Despite all of this, Araushnee was a jealous schemer who envied Corellon and secretly planned to overthrow him and replace him as First of the Seldarine and Coronal of Arvandor. Allying herself with Gruumsh, leader of the orcish pantheon and an arch-nemesis to Corellon, Araushnee attempted to have her consort assassinated by using her position as a loved one of Corellon. Her many attempts to kill the First of the Seldarine failed and eventually these plots were discovered by Sehanine Moonbow, the most powerful goddess of the Seldarine, who had also been suspicious of Araushnee's true motivations. Upon confronting the Weaver of Destiny, Sehanine Moonbow was imprisoned by the traitor goddess. Seeing an opportunity, Araushnee was roused to action and she, Gruumsh and her son Vhaeraun, another co-conspirator in Araushnee's plots, gathered together a great alliance of Greater and Lesser deities of the orcs, goblinoids, kobolds, giants, ogres and many other gods of the evil races. This army of deities was also joined by Malar, god of evil werebeasts, Auril, the savage Frostmaiden and Ghaunadaur, or That Which Lurks, a primordial evil and a future member of the Dark Seldarine.
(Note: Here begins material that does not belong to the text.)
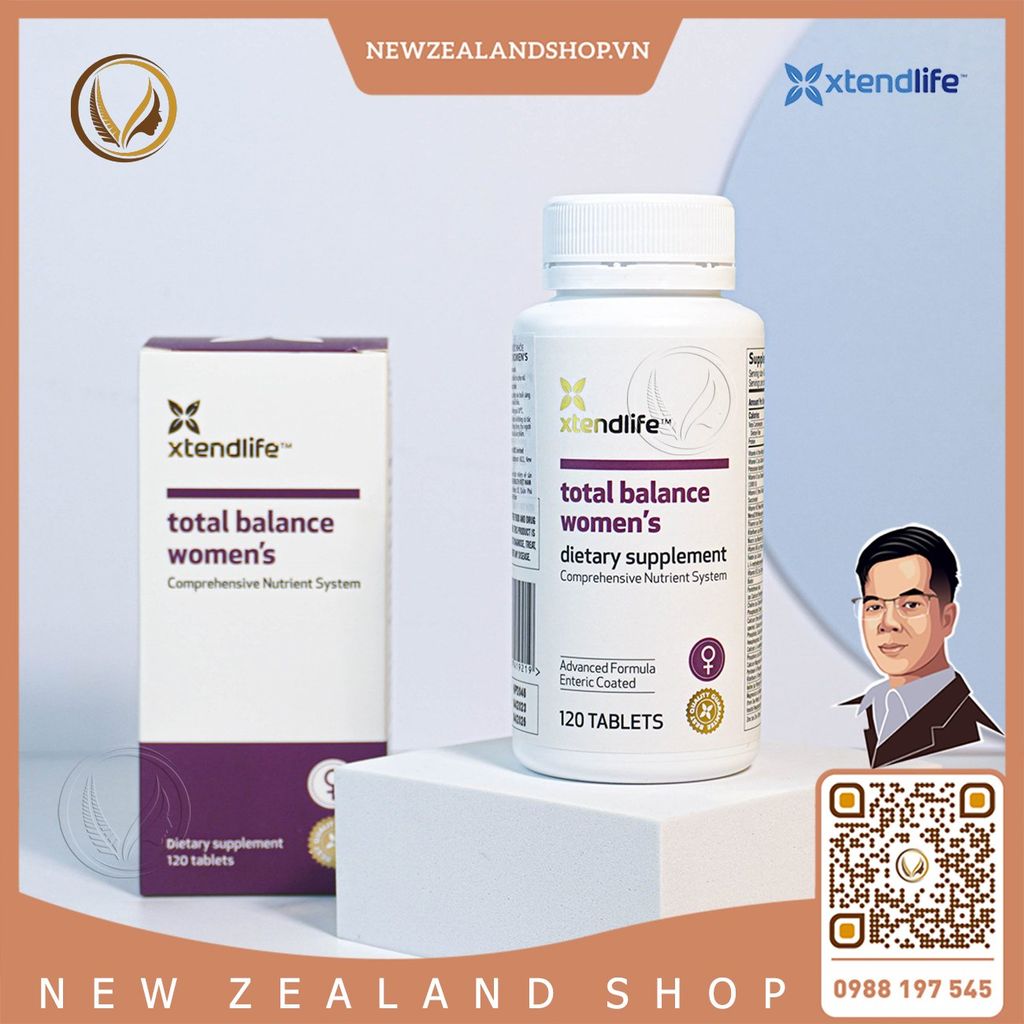 Viên uống vitamin tổng hợp cho phụ nữ Xtend Life Total Balance Women’s 120 viên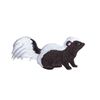 Skunk - 3 Inch - Wild Animals - Embroidered Iron on Patch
The god-army marched on Arvandor, facing Corellon Larethian and the rest of the Seldarine (bar Sehanine Moonbow, who was still imprisoned), including Eilistraee, who was unaware of her mother's treachery. During the battle that followed, Araushnee and Vhaeraun feigned to fight for the Seldarine while attempting to aid the opposing army, Araushnee even going so far as to redirect an arrow fired by her daughter to hit Corellon. Amid the course of the battle, Sehanine Moonbow managed to escape her imprisonment and revealed the treachery and betrayal of Araushnee to Corellon. The battle for Arvandor was eventually won, the evil army of beast gods eventually driven off by the combined might of the assembled Seldarine and the other fey deities of Arborea. As the battle was being fought, Corellon Larethian faced his betrayer.
Araushnee once again tried to kill her former lover but the intervention of three elven goddesses prevented this. Sehanine Moonbow, Hanali Celanil and Aerdrie Faenya had all come to battle Araushnee the Weaver and, coalescing their collective powers into a new form they created the goddess Angharradh, a new consort to Corellon and an equal to him in power. Araushnee was swiftly defeated by Angharradh. Corellon looked upon the defeated form of his betrayer, mother of his children and once beloved by him, it was then that the First of the Seldarine broken-heartedly cursed his love, Araushnee the Weaver of Destiny, into the form of a hideous spider-bodied tanar'ri, stripping her of her divinity and branding her with the name Lolth and casted her into the Abyss, never to return. Corellon also banished Vhaeraun, knowing of his son's duplicity and involvement in his mother's plots. Though Corellon knew his daughter's innocence, Eilistraee chose to share the fate of her mother and brother, the Dark Maiden no doubt sensing that the dark elves would one day need a reprieve from the path of hate and evil that they would eventually set upon, following their dark goddess; their Spider Queen.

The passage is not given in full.